Supplemental Material (URL)
Abstract
  • Background: Among breast cancer (BC) patients, near 40% are post-menopause, and 70%-80% are hormone receptor (HR)-positive. About 30%-40% BC patients who are diagnosed as invasive carcinoma HR-positive BC would eventually develop metastatic breast cancers. In 2016, FALCON trial proves Fulvestrant as an effective first-line endocrine therapy for post-menopause HR-positive advanced BC (ABC) patients. But even after FALCON published, Fulvestrant is rarely used as first-line in real world ABC patients in China. Method: In this study, 136 Fulvestrant users were enrolled from 2015. To investigate the clinical and genetic risk factors for Fulvestrant treatment response in real world data, biostatistic and bioinformatic analysis tools were adopted.

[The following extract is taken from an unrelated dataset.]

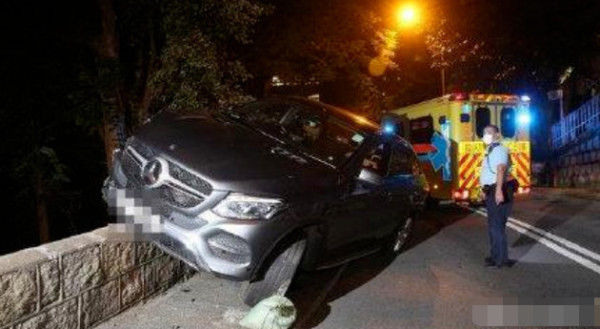  救护车|男星醉驾出车祸，烂醉如泥被扶上救护车，两度饮酒出事或面临收监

Result: KM curves showed that Fulvestrant first-line users had a median progression-free survival (mPFS) of 15.67 months, which was longer than the second-line users and third (or higher)-line users (mPFS = 7.47 and 5.43 months, respectively). 16 s (or higher)-line users were voluntarily received circulating tumor DNA (ctDNA) testing after progression. ctDNA testing results showed that compared to patients with PFS longer than 6 months, Fulvestrant users with PFS less than 6 months had a significantly higher mutation rate of ESR1 or ERBB2 gene (0/6 vs 6/10, Fisher's Exact p-value = 0.03). Multivariate COX regression analysis showed that clinical features, including lymph node metastasis and HER-2 positive, were significant risk factors for poor PFS [hazard ratio (HR) = 2.396 and 2.863, respectively]; high portion of estrogen receptor-positive cells was significant protective factor (HR = 0.663). Propensity-score matching (PMS) analysis suggested that visceral metastasis, prior palliative chemotherapy, and old age at Fulvestrant usage were not significant influential factor for PFS. Conclusion: First-line Fulvestrant usage could guarantee a better prognosis than higher-line usage. ESR1 or ERBB2 mutation was found to be related to poor PFS in higher-line Fulvestrant users.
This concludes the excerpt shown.